Sunoji suno, Sunoji suno
Hear the epic story of Rama and Sita
Rama, Baratha, Lakshmana and Shatrugana
Were the sons of Kausalya, Kaikeyi and Sumitra
The three wives of Ayodhya’s King Dasaratha
Heroic Rama was valour personified
Brave and gallant even as a child
He went and battled in the forests wild
With Sage Viswamitra and killed demons vile
King Janaka’s beloved daughter Seeta
The darling beautiful princess of Mithila
Had to choose a husband by a Swayamvara
So Rama was brought there by Sage Viswamitra
Rama bent and broke the bow of Lord Siva
Defeating many a valiant Raja
And won the hand of beautiful Seeta
And brought her back as Princess of Ayodhya
Rama was named heir apparent
To the throne of Ayodhya by Dasaratha, his parent
But, Kaikeyi demanded two boons from the old King
Her son Baratha was to be made Ayodhya’s King
Rama was banished to the forests for years fourteen
His father died of a broken heart grieving
Seeta, brother Lakshmana did Rama accompany
And Baratha, ruled Ayodhya as a Regent temporary
Panchavati was a forest so delightful
Rama, Lakshmana lived an exiled life peaceful
Until Ravana, the invincible Rakshasa, Lankan King
Cast his eyes and kidnapped Seeta with cunning
Sorrowful Rama searched the jungle and valley
Helped by the monkey army of Sugreeva and Vali
Valiant Hanuman crossed with a leap the sea
To discover in the Lankan Ashokavana, Seeta in misery
A bridge was built across the ocean
The armies clashed, Kumbakarna was woken
Ravana lost all his sons, kith and kin
Rama killed Ravana and rescued Seeta from her prison
They flew back to Ayodhya on the Pushpak Vimanam
Greeted with oil lamps and joy by all citizens
Thus came to an end Lord Vishnu’s avataram
The sixth, as Rama, Maryada Purushottam
This was a poem that I wrote some years ago for children to perform. It gives the story of the great Indian epic Ramayana in brief.

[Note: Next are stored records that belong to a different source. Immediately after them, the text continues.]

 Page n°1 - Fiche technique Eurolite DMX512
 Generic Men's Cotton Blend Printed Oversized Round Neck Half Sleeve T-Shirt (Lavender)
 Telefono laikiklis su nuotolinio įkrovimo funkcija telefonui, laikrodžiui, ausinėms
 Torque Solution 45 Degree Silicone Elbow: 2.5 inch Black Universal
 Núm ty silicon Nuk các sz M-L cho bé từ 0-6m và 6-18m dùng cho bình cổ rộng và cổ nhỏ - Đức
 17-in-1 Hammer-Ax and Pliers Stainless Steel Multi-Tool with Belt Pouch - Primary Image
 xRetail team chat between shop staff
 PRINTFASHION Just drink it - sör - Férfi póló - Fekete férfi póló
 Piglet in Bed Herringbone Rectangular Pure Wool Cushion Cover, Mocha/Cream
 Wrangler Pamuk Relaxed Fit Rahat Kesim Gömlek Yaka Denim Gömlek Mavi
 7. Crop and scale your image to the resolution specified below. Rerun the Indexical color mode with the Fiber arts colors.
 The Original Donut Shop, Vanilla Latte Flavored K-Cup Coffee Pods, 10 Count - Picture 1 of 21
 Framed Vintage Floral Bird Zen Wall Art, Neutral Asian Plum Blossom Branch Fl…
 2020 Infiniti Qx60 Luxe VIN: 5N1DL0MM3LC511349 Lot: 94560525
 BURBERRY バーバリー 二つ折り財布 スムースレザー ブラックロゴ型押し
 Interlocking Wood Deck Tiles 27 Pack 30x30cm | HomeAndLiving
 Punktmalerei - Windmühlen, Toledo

The story of Ramayana was first versified by Sage Valmiki and recited by the twin sons of Seeta who was estranged and abandoned by her husband King Rama of Ayodhya. This story of Rama, Seeta and the ten-headed demon King of Lanka, Ravana has impacted Indian thought, culture, traditions, societal values, religious customs and practices. It has been written, re-written, reinterpreted and tweaked over the centuries by writers, poets, dramatists, performing artists and storytellers. There are over 350 official Ramayana’s apart from hundreds of folk tales.
The sacred Ramayana is full of lessons for leading a Dharmic life. The Ramayana embodies various values that are important for a human being. In the characters and situations of the Ramayana, both the great epic writers, Valmiki and Kamban have illustrated the human predicament and how it can be resolved. Right and wrong are featured in this epic through various characters, situations and predicaments.
I am going to talk about some situations in the epic when the fine line between right and wrong is blurred and open to subjective interpretations.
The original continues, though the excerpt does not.